Reputation: 469
I'd like to create a CountVectorizer in scikit-learn based on a corpus of text and then add more text to the CountVectorizer later (adding to the original dictionary).
If I use transform()
, it does maintain the original vocabulary, but adds no new words. If I use fit_transform()

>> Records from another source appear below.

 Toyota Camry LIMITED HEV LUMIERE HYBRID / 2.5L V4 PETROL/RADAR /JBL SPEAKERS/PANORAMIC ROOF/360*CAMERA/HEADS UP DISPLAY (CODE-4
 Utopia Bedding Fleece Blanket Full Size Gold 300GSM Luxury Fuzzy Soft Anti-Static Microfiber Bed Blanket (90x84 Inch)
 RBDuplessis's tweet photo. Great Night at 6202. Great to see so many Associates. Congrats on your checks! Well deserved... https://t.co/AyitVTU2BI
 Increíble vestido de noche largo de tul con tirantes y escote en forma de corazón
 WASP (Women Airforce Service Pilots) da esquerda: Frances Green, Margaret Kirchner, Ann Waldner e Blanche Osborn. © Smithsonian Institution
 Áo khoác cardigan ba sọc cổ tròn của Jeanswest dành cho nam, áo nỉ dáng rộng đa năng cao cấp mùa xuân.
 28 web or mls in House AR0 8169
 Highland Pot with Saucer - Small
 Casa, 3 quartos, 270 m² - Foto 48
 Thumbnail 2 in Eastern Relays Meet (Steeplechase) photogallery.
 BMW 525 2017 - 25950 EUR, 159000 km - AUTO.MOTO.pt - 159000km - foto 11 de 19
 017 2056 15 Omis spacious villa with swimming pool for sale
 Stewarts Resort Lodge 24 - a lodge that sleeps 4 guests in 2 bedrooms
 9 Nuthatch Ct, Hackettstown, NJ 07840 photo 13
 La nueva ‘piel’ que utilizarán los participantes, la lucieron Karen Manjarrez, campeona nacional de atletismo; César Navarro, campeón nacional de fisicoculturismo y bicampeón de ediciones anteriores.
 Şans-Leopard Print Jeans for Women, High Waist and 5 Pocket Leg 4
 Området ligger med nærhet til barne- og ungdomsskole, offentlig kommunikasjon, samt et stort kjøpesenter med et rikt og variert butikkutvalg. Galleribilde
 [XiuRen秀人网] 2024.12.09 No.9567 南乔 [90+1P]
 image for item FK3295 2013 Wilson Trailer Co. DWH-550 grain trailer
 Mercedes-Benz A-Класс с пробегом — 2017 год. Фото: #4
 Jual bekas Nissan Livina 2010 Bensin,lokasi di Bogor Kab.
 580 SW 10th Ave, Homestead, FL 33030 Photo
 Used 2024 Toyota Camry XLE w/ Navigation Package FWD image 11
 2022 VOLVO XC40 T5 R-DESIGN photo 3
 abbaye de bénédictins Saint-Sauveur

, it just regenerates the vocabulary from scratch. See below:
In [2]: count_vect = CountVectorizer()
In [3]: count_vect.fit_transform(["This is a test"])
Out[3]:
<1x3 sparse matrix of type '<type 'numpy.int64'>'
with 3 stored elements in Compressed Sparse Row format>
In [4]: count_vect.vocabulary_
Out[4]: {u'is': 0, u'test': 1, u'this': 2}
In [5]: count_vect.transform(["This not is a test"])
Out[5]:
<1x3 sparse matrix of type '<type 'numpy.int64'>'
with 3 stored elements in Compressed Sparse Row format>
In [6]: count_vect.vocabulary_
Out[6]: {u'is': 0, u'test': 1, u'this': 2}
In [7]: count_vect.fit_transform(["This not is a test"])
Out[7]:
<1x4 sparse matrix of type '<type 'numpy.int64'>'
with 4 stored elements in Compressed Sparse Row format>
In [8]: count_vect.vocabulary_
Out[8]: {u'is': 0, u'not': 1, u'test': 2, u'this': 3}
I'd like the equivalent of an update()
function. I'd like it to work something like this:
In [2]: count_vect = CountVectorizer()
In [3]: count_vect.fit_transform(["This is a test"])
Out[3]:
<1x3 sparse matrix of type '<type 'numpy.int64'>'
with 3 stored elements in Compressed Sparse Row format>
In [4]: count_vect.vocabulary_
Out[4]: {u'is': 0, u'test': 1, u'this': 2}
In [5]: count_vect.update(["This not is a test"])
Out[5]:
<1x3 sparse matrix of type '<type 'numpy.int64'>'
with 4 stored elements in Compressed Sparse Row format>
In [6]: count_vect.vocabulary_
Out[6]: {u'is': 0, u'not': 1, u'test': 2, u'this': 3}
Is there a way to do this?
Upvotes: 3
Views: 2452
Reputation: 5355
The algorithms implemented in scikit-learn
are designed to be fit on all the data at once, which is necessary for most ML algorithms (though interesting not the application that you describe), so there is no update
functionality.
There is a way to get to what you want by thinking of it slightly differently though, see the following code
from sklearn.feature_extraction.text import TfidfVectorizer, CountVectorizer
count_vect = CountVectorizer()
count_vect.fit_transform(["This is a test"])
print count_vect.vocabulary_
count_vect.fit_transform(["This is a test", "This is not a test"])
print count_vect.vocabulary_
Which outputs
{u'this': 2, u'test': 1, u'is': 0}
{u'this': 3, u'test': 2, u'is': 0, u'not': 1}
Upvotes: 5